=== REQUIREMENT ===
After locating the line that holds "Front at 14499", repeat it and each following line exactly until the material ends, skipping pictures.

=== THE DATA ===
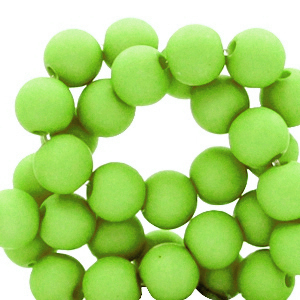 Perles acryliques 6 mm mat Vert printemps
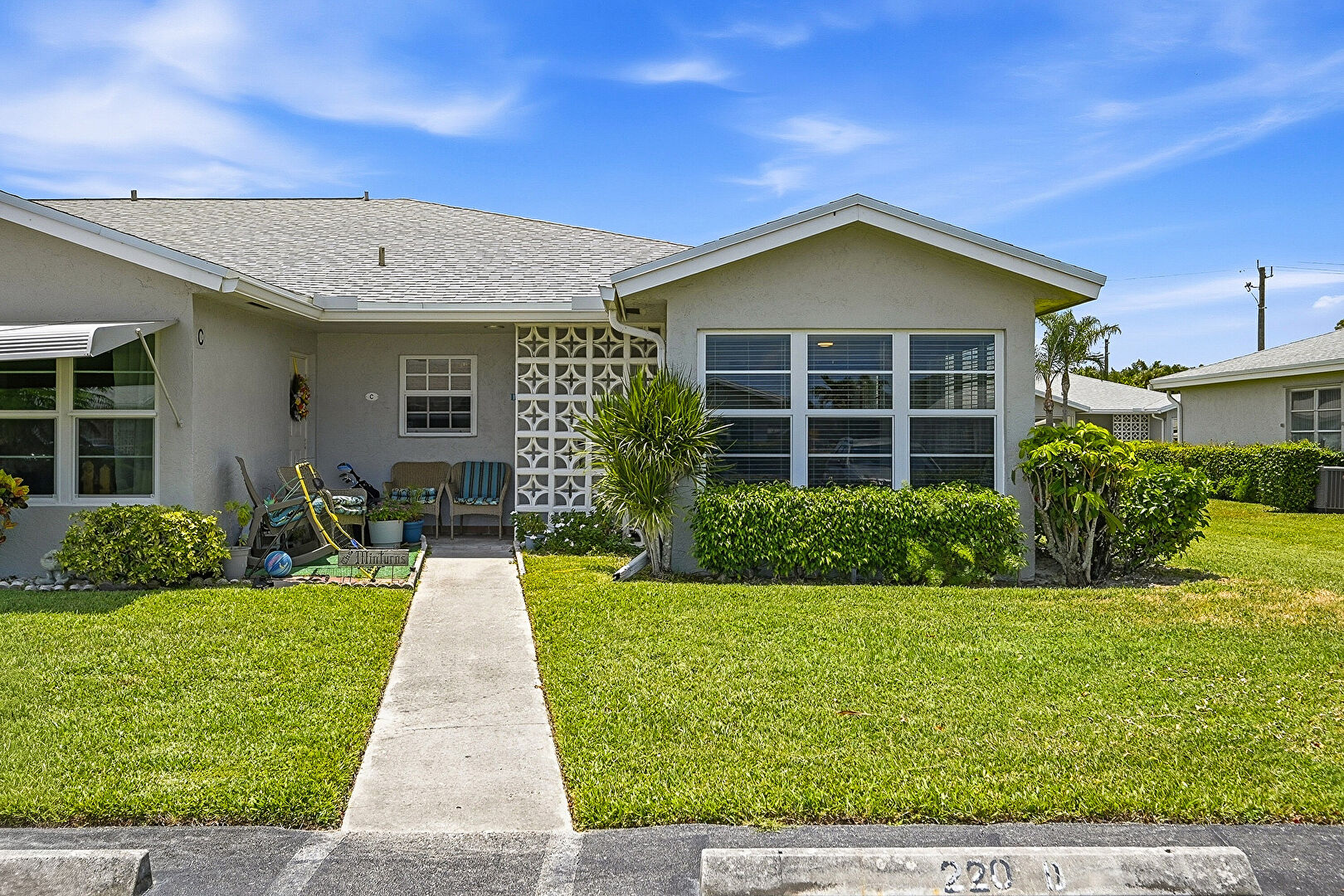 Front at 14499 Canalview Dr. Apt D, Delray Beach, FL 33484, listed by Eslin Guice
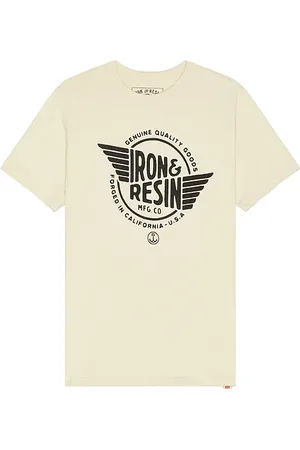 Iron & Resin Wing Tee in . Size M, S, XL/1X.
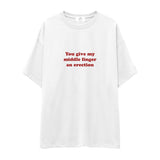 Give My Middle Finger Oversize Tişört
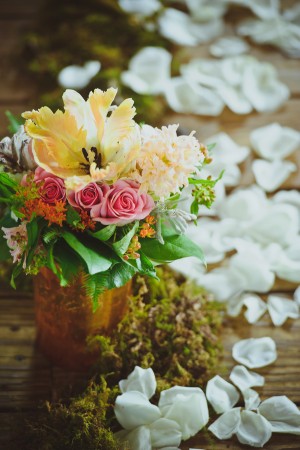 Copper-Vase-Florals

=== SOLUTION TO THE EXERCISE ===
 Front at 14499 Canalview Dr. Apt D, Delray Beach, FL 33484, listed by Eslin Guice
 Iron & Resin Wing Tee in . Size M, S, XL/1X.
 Give My Middle Finger Oversize Tişört
 Copper-Vase-Florals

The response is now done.